Auf einem kleinen Bootslagerplatz in Osdorf habe ich mich dann daran gemacht, die diversen alten Lackschichten innen, außen, über und unter Wasser runter zu holen. Das blieb nicht unbemerkt, so manch ein älterer Herr kam vorbei, hat sich mit feuchten Augen an seine Jugend erinnert, von der A&R Qualität geschwärmt und auch wirklich hilfreiche Tipps gegeben.

Mit fortschreitender Arbeit hat sich herausgestellt, was für einen tollen Fund ich gemacht hatte: Das Boot sah recht runtergekommen aus, aber alle Voreigner hatten das Holz immer unter Lack gehalten. Also viele und trübe Schichten Lack, aber nicht eine dunkle Stelle am ganzen Boot, trotz der schon damals 35 Jahren auf dem Buckel. Abgesehen von der Scheuerleiste, damals von A&R in schön heller Esche als Kontrast zum Khaja-Mahagoni ausgeführt. Die war größtenteils nur noch Torf. Tatsächlich hat A&R sämtliche Anbauteile wie Scheuerleiste, Wellenbrecher und Schanzleisten nur mit etwas Lack dazwischen verschraubt. Alles ließ sich problemlos abbauen und ggf. ersetzen.
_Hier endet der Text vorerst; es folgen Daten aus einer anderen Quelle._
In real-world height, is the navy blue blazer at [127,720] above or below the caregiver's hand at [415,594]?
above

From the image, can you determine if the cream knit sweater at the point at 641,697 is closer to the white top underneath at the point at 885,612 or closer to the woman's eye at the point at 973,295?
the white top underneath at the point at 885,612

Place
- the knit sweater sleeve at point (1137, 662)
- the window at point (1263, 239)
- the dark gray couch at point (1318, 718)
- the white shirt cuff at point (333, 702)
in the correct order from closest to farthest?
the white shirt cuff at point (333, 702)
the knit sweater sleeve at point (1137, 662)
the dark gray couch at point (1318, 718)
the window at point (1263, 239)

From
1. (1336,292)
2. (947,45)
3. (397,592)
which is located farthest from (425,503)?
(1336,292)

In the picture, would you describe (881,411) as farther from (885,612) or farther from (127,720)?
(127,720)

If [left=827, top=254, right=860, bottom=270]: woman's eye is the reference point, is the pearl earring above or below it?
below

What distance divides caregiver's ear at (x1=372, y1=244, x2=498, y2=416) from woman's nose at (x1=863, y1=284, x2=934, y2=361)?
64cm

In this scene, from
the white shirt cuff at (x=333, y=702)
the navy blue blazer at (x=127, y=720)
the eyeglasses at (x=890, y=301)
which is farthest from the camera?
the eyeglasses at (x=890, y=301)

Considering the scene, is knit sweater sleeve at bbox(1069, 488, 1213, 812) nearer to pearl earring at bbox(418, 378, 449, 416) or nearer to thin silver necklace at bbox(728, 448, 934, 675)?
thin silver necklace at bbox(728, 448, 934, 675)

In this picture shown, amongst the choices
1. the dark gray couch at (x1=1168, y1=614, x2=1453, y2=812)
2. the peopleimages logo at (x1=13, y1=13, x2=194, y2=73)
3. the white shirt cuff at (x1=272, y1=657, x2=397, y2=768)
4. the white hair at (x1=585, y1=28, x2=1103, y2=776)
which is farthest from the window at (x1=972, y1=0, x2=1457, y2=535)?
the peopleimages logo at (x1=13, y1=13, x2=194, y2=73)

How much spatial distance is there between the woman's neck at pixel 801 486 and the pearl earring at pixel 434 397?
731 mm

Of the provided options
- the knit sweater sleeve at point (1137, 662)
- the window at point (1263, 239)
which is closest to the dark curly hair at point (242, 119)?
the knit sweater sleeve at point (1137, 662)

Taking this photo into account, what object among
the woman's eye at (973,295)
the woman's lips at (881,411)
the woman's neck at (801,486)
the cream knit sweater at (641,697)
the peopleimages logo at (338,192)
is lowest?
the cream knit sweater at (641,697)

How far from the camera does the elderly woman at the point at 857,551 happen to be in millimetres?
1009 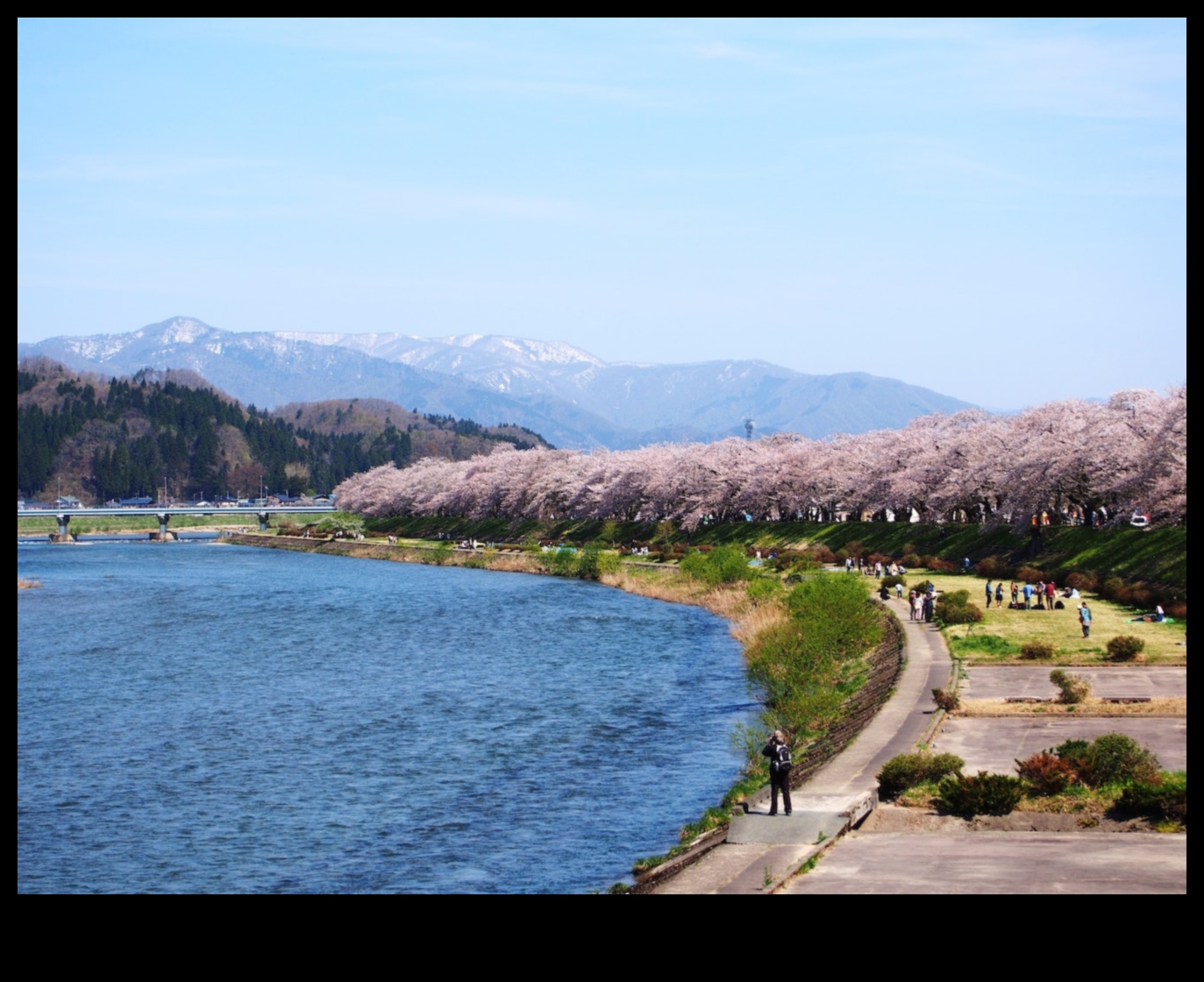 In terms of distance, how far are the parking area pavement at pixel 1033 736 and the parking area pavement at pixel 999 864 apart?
17.3ft

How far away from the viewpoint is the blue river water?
2938 centimetres

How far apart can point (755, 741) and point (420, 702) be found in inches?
662

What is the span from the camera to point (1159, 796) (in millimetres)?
25844

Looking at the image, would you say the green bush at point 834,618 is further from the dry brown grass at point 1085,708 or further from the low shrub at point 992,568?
the low shrub at point 992,568

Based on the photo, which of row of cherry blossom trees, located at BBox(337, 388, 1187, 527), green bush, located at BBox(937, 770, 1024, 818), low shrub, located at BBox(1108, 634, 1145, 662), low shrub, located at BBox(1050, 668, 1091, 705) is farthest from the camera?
row of cherry blossom trees, located at BBox(337, 388, 1187, 527)

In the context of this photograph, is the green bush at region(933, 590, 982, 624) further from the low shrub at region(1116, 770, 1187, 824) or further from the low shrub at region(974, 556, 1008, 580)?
the low shrub at region(1116, 770, 1187, 824)

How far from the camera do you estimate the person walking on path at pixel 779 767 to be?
25.6m

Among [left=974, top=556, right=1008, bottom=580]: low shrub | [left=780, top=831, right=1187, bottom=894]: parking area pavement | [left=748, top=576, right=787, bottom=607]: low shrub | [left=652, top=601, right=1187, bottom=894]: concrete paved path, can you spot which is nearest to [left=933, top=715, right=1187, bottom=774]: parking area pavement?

Die alten Tufnol-Klemmen und Holzblöcke erschienen natürlich hoffnungslos veraltet und wurden durch modernes Material mit Kugellagern ersetzt. Zu diesem Zweck pilgerte ich mehrfach zu Frank, dessen Segelmacherei damals noch in Altona in der Holländischen Reihe residierte. Online-Shopping war noch nicht erfunden, und Frank freute sich jedes Mal unheimlich, wenn ich seinen Laden betrat. Wie kann es eigentlich sein, dass man für so ein kleines Boot so viel Tüddelkram braucht? Es wurde ein kompletter Traveller konstruiert und nachgerüstet (natürlich mit Bogen nach unten und nach hinten und herausnehmbar), dann kamen noch Elvströmlenzer und Auftriebskörper rein und eine sündhaft teure, aber auch traumhaft perfekte Tourenpersenning von Hinsch & Ruhland (die inzwischen leider nicht mehr vorhandene Segelmacherei in Glückstadt, bei der auch die Segel der Gorch Fock gemacht wurden).

Zum Schluss die Göhl noch blau hinterlegt und neu mit Blattgold ausgelegt, und los konnte es gehen: Zwei Saisons bin ich damit auf Elbe und Ostsee unterwegs gewesen, das „Möbel“ hat durchaus Aufsehen erregt und dazu geführt, dass uns so mancher dänischer Havnevogt das Hafengeld erlassen hat. Ob aus Anerkennung oder Mitleid weiß ich nicht, war uns damals aber egal, Hauptsache die Bordkasse wurde geschont.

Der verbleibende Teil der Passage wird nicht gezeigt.